Retype all the records below exactly as they are, with no image carried over.

*** Opening of PROVIDED MATERIAL ***

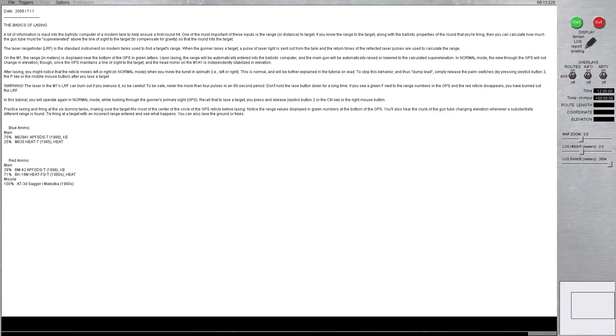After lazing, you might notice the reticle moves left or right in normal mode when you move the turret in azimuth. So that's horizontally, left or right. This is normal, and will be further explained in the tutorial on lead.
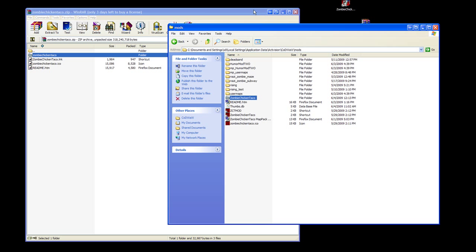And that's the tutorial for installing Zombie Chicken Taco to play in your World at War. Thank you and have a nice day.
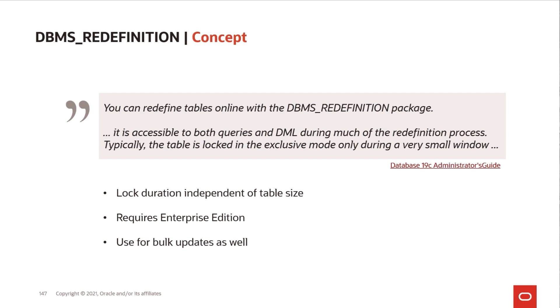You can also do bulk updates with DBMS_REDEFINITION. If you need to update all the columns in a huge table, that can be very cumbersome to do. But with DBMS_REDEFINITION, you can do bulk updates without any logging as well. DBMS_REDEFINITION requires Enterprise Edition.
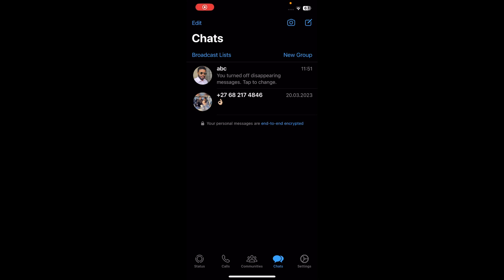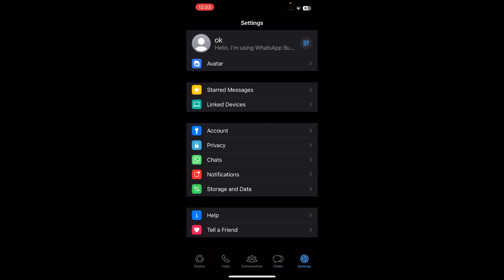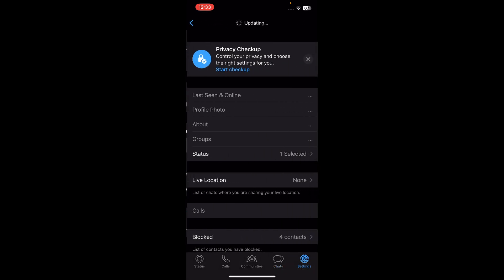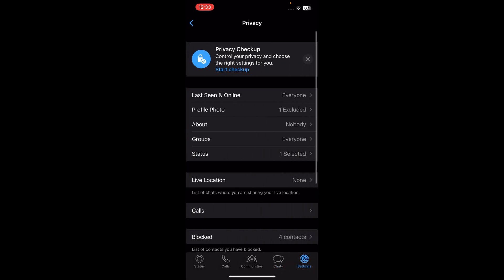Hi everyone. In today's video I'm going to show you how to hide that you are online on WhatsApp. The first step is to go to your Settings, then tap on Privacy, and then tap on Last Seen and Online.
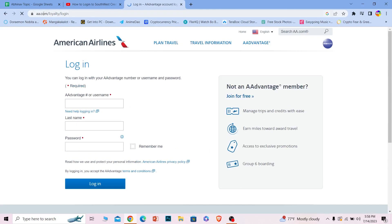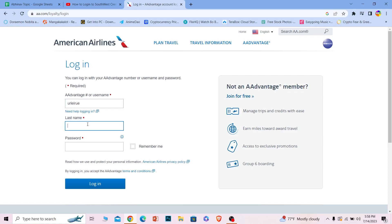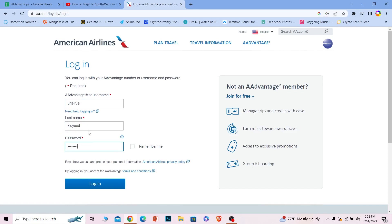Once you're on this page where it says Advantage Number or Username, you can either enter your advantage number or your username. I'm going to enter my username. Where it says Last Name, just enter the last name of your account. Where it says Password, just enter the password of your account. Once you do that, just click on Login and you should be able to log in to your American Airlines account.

*** Close of PROVIDED MATERIAL ***

◆ **SOLUTION FOR THIS EXERCISE**
After lazing, you might notice the reticle moves left or right in normal mode when you move the turret in azimuth. So that's horizontally, left or right. This is normal, and will be further explained in the tutorial on lead.
And that's the tutorial for installing Zombie Chicken Taco to play in your World at War. Thank you and have a nice day.
You can also do bulk updates with DBMS_REDEFINITION. If you need to update all the columns in a huge table, that can be very cumbersome to do. But with DBMS_REDEFINITION, you can do bulk updates without any logging as well. DBMS_REDEFINITION requires Enterprise Edition.
Hi everyone. In today's video I'm going to show you how to hide that you are online on WhatsApp. The first step is to go to your Settings, then tap on Privacy, and then tap on Last Seen and Online.
Once you're on this page where it says Advantage Number or Username, you can either enter your advantage number or your username. I'm going to enter my username. Where it says Last Name, just enter the last name of your account. Where it says Password, just enter the password of your account. Once you do that, just click on Login and you should be able to log in to your American Airlines account.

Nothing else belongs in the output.